Conservationists are on the brink of despair over the plight of the lemur after an international appeal for funds to help save the world’s most endangered primates fell on deaf ears.

About 90 per cent of all lemur species – including the only other primate apart from humans to have blue eyes – are at risk of extinction on their native island of Madagascar.

But a major appeal for nearly £5m launched in 2013 has since raised less than 20 per cent of the target and conservation groups have now launched a new international body designed to reinvigorate the campaign.

There are only 60 northern sportive lemurs left in the wild and a single hunting trip could see the species become the first lemur to become extinct in about 200 years. The population of the critically endangered blue-eyed black lemur has also been reduced to a few thousand.
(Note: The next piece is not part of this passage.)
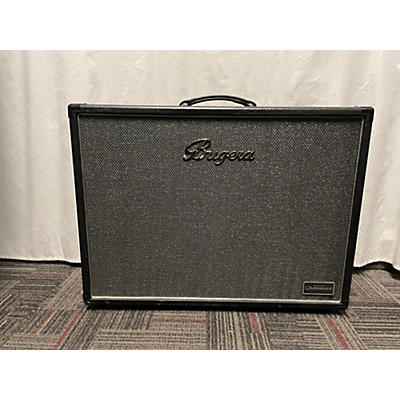 Bugera 212TS Guitar Cabinet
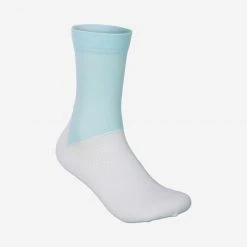POC Cycling Essential Road Sock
Almost all the 106 lemur species and sub-species have been threatened by widespread habitat loss caused by slash-and-burn agriculture and illegal logging.
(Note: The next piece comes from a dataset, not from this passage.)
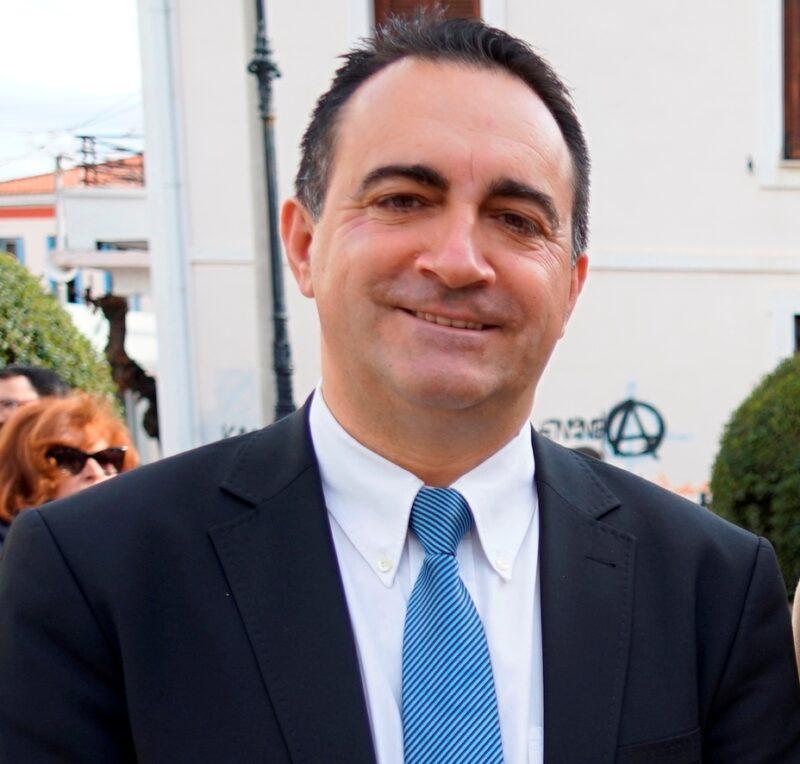 Αχαΐα: Η ΔΕΥΑΑ και η Ευρωπαϊκή Εισαγγελια - Το επίμαχο αποχετευτικό έργο – Δημοτική αρχή και Αντιπολίτευση στο Patrapress 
The illegal pet trade has also hit populations in the wild – in January a study by Temple University in the US estimated that 28,000 lemurs had been taken from the wild in the past three years. The demand for them as cute pets may have been fuelled by their appearance in the smash hit cartoon film franchise Madagascar, which has taken nearly £1.5bn at the box office since it was launched in 2005.

Dr Christoph Schwitzer, project advisor of the newly founded Lemur Conservation Network, said the situation was getting desperate.

“The fact is that if we don’t act now, we risk losing a lemur species for the first time in two centuries. The importance of the [conservation] projects … simply cannot be overstated,” he said.

“I think the world is maybe waking up to this slowly, very slowly, but not really jumping into action. I think the awareness is maybe getting there but people don’t really still seem to feel it’s something they can contribute to or want to contribute to.

“We need to get more people together to save the lemur.”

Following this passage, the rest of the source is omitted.